Dateline the 1960s: Pondering the Lessons of Vietnam

To mark the OPC’s 75th anniversary, Dateline magazine has assembled a look-back through the decades with some of the best foreign correspondents and photographers in the business who have sent us their memories of the biggest stories of their respective eras. We’ve broken it down by decade: 1940s | 1950s | 1960s | 1970s | 1980s | 1990s | 2000s | 2010-2013

 


 

Many of us who covered the Vietnam War found ourselves forever in the grip of Vietnam. No other story, no other war, quite measured up. The exotic charm and dangerous undercurrents of Saigon were seductive, the adrenalin-rush of survival, intoxicating. We hitchhiked around the country on military helicopters and roamed the battlefields without censorship. Seventy-three of our colleagues were killed in South Vietnam, Cambodia and Laos, yet, because we were young and often inexperienced in the unforgiving ways of war, we all, I think, expected to one day leave Vietnam safely and return home to the relative calmness of newsrooms and studios.

But the burden of Vietnam lingered for years in the American psyche, and journalists and others were left to ponder and debate what the lessons of Vietnam were. Perhaps Lawrence of Arabia gave us the best answer when he once said, speaking of another war, “Better to let them do it imperfectly, than to do it perfectly yourself, for it is their country, their war, and your time is short.” The quotation, framed, was found hanging on an office wall of the abandoned U.S. Embassy in 1975.

“The awful, awful tragedy of Vietnam is that it was an absolutely useless, futile, avoidable war,” the late Stanley Karnow, the Pulitzer-Prize-winning author of “Vietnam: A History,” said to me a few years ago. “Ho Chi Minh had a very narrow objective—to unify Vietnam. He wasn’t out to change the world or take over West Virginia.”

I covered the war for UPI from 1968-70 and when I returned to Vietnam in 1997 to take up residency in Hanoi on a four-year assignment as the Los Angeles Times‘ South East Asia bureau chief, I was stunned to discover how little I had known about Vietnam during the war. Its history, culture and language were pretty much a blank. I can only assume that naïveté was reflected in my wartime reportage, but I can say with certainty that never did I work harder or care more deeply about a story than I did during those early years in Vietnam.

We covered the war—but not the fighting men themselves— more critically than did Ernie Pyle and other journalists in World War II. We weren’t cheerleaders for a noble cause. Trust between the media and senior military officers was so frayed that journal ists were often accused of losing the war because they didn’t get on the bandwagon. The charge was as ludicrous as contending that journalists won World War II with positive coverage. But in no war since Vietnam have reporters had as much freedom as we did to get as close as we dared, to travel where we pleased, to write what we believed to be true, to spend as long as we wanted with specific U.S. units. (We didn’t use the word “embed” in those days.)
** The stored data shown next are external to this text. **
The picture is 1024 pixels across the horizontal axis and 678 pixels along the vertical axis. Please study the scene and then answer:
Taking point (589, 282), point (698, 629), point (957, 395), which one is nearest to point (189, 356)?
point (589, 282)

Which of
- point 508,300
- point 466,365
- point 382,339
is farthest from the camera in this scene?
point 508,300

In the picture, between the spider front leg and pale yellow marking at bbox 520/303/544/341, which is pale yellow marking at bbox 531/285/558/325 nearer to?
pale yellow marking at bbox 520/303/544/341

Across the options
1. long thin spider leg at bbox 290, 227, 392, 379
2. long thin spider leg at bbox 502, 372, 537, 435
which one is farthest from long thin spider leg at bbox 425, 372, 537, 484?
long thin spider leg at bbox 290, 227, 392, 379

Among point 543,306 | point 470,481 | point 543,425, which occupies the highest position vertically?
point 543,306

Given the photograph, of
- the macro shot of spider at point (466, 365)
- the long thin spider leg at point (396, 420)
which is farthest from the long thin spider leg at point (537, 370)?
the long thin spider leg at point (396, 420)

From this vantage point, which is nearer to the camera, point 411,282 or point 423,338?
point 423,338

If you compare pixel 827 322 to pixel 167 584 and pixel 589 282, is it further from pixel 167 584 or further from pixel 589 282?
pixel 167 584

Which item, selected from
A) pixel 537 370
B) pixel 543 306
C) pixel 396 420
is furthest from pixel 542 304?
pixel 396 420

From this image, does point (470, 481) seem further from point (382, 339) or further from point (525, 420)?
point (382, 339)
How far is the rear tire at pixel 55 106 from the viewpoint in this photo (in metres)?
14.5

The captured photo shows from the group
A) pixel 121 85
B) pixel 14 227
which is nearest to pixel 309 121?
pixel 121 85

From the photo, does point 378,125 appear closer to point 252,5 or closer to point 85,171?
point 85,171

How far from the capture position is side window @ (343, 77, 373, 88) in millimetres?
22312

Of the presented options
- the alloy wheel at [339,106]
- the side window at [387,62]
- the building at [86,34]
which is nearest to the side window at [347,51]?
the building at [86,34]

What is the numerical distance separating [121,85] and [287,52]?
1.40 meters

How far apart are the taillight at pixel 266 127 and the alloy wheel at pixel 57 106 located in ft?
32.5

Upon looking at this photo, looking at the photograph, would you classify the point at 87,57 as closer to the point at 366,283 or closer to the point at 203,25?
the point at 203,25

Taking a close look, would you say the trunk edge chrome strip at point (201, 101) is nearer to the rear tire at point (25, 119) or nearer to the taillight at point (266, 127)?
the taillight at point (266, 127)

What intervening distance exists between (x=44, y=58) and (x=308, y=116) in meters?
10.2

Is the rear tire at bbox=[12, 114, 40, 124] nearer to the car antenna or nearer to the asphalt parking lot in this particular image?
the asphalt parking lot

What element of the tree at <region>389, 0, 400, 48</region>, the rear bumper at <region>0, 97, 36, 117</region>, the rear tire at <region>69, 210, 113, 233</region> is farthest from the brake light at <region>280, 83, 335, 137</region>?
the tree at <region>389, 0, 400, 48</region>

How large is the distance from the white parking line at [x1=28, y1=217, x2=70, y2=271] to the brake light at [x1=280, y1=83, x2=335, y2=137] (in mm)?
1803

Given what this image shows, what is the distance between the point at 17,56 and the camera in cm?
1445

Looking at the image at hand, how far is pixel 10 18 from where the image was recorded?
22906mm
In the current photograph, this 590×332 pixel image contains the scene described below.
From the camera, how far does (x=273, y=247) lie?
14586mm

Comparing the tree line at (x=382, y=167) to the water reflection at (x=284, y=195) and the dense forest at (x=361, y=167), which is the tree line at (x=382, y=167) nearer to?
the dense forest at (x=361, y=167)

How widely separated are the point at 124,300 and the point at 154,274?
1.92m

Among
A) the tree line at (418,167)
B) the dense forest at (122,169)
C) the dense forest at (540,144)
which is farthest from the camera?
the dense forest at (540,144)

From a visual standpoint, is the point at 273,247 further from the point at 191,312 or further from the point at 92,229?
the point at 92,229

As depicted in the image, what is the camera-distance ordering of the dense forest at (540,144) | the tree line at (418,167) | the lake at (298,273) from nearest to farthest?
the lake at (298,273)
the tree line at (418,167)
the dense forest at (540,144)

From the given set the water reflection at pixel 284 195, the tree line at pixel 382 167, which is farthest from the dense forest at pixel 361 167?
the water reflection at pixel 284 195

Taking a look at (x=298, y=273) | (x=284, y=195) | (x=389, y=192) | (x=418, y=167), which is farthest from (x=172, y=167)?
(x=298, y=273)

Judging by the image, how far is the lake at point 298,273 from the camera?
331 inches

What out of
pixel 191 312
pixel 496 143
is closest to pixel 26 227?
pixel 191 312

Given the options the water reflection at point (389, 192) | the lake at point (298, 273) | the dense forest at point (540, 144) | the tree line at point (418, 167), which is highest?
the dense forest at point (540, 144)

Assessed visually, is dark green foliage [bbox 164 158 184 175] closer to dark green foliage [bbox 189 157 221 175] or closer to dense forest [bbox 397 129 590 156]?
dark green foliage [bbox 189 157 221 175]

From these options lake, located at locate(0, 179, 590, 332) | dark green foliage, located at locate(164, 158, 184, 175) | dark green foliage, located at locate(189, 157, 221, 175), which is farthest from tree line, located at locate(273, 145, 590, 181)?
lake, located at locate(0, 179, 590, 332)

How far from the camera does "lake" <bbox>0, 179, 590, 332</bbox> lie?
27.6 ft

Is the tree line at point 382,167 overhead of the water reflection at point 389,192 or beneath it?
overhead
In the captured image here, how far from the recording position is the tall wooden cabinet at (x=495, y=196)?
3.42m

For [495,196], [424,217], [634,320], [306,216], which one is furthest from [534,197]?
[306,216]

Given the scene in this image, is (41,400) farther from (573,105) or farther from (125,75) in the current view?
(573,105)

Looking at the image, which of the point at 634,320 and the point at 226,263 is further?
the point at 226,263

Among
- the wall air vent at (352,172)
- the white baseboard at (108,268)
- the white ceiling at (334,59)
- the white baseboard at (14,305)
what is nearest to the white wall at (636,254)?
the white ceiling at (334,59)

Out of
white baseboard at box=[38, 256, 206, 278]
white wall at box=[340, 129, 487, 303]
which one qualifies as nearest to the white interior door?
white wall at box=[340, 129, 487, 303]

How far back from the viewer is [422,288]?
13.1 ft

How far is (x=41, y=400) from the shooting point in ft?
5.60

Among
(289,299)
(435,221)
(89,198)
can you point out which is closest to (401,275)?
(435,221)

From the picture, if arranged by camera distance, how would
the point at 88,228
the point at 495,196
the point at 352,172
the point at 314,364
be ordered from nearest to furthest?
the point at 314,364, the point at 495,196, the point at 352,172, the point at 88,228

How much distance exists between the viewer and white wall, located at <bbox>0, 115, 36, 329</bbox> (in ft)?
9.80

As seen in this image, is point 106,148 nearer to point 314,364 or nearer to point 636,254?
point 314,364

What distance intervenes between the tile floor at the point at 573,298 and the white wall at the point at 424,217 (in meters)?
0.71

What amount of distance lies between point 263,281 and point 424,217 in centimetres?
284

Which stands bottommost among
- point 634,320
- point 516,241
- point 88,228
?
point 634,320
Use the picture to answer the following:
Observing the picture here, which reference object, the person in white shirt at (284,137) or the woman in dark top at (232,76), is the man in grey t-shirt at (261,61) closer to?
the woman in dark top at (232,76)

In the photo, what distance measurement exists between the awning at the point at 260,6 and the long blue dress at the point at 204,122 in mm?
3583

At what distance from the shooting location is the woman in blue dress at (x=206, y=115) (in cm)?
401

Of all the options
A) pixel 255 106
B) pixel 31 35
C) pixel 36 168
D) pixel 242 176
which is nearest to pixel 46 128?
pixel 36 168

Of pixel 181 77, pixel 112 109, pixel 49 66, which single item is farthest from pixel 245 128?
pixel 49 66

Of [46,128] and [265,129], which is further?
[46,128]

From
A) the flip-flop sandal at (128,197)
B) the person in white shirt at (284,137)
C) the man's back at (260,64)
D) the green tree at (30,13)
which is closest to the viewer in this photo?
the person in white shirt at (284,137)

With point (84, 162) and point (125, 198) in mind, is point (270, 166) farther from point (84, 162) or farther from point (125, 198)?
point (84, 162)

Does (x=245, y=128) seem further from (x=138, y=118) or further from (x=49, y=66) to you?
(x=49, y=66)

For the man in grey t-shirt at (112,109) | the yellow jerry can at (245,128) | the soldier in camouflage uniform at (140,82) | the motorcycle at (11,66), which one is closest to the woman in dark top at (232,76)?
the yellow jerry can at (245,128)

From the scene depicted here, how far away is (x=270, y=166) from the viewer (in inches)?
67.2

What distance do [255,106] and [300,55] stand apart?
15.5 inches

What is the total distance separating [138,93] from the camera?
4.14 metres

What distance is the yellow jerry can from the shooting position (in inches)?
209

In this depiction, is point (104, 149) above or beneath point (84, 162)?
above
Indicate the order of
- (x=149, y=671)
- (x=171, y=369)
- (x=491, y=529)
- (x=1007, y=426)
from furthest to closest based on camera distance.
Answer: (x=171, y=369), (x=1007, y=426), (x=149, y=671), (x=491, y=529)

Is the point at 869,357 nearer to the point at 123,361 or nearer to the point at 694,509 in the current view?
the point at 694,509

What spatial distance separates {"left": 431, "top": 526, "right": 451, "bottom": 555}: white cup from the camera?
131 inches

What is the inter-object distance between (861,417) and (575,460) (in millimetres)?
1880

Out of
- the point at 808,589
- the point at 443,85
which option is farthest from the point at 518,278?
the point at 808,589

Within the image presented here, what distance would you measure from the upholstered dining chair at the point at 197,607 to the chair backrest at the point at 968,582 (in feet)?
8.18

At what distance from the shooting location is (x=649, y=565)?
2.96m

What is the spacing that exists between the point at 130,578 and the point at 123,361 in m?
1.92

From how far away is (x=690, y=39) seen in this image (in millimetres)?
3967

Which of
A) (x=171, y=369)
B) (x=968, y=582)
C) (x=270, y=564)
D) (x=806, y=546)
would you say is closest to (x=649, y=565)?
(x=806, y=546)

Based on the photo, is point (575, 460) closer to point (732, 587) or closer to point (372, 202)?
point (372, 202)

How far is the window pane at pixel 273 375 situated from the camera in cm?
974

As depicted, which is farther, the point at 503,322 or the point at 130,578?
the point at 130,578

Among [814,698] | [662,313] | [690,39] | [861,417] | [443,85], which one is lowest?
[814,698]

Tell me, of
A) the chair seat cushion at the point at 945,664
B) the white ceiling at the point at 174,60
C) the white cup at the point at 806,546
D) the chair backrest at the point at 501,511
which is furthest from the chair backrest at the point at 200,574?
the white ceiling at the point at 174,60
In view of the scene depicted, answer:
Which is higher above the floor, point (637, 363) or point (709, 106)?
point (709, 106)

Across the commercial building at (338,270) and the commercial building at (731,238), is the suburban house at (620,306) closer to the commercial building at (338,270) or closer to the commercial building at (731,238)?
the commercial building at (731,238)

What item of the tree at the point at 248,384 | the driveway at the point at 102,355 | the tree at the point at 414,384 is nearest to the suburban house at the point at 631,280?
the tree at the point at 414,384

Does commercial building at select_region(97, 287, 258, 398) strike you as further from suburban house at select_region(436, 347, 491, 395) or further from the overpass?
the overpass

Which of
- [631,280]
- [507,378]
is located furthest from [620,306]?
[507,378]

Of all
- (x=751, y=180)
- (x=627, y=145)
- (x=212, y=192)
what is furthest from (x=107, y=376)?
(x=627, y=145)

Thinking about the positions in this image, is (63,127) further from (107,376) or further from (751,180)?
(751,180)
I’ve often wondered why so many of us could never escape Vietnam’s grip. I put the question not long ago to the late George Esper of The Associated Press, who spent nearly a decade in Vietnam. “I’ve searched for an answer why I stayed all those years,” he said. “What I keep coming back to was a young nurse from Upstate New York I saw on a fire base. It was monsoon season. We were under rocket attack. She was tending the badly wounded. Some died in her arms. And I said, ‘Wow, what a woman! Why are you here?’ and she said, ‘Because I’ve never felt so worthwhile in my life.'”

“That’s how I felt too. What we were doing was really important. On top of that, we were living this freewheeling, unstructured life with so much freedom and a go-to-hell attitude. It was a very good life, despite the war. It was exotic, sensual. I think that’s one of the reasons some people wanted to get lost in Vietnam and why some stayed in Vietnam, mentally forever.”

In April 1975 the Los Angeles Times sent me back to Saigon to help cover the last few weeks of the war. Long forgotten by then were words Ho Chi Minh had used to indirectly address the Amer ican people in the mid-1960s. “We will spread a red carpet for you to leave Vietnam. And when the war is over, you are welcome to come back because you have technology and we will need your help.”

In Saigon’s last desperate hours before Hanoi’s army marched into Saigon, U.S. pilots shuttling American and Vietnamese evacuees to Seventh Fleet vessels 50 miles offshore had noted with alarm that the red warning light on their control panels flashed repeatedly, indicating that North Vietnamese missiles had “locked” onto their helicopters whenever they were over land. But no SAMs were fired and no choppers were lost.

It wasn’t until several years later that it dawned on me: the Americans had left on Ho Chi Minh’s red carpet.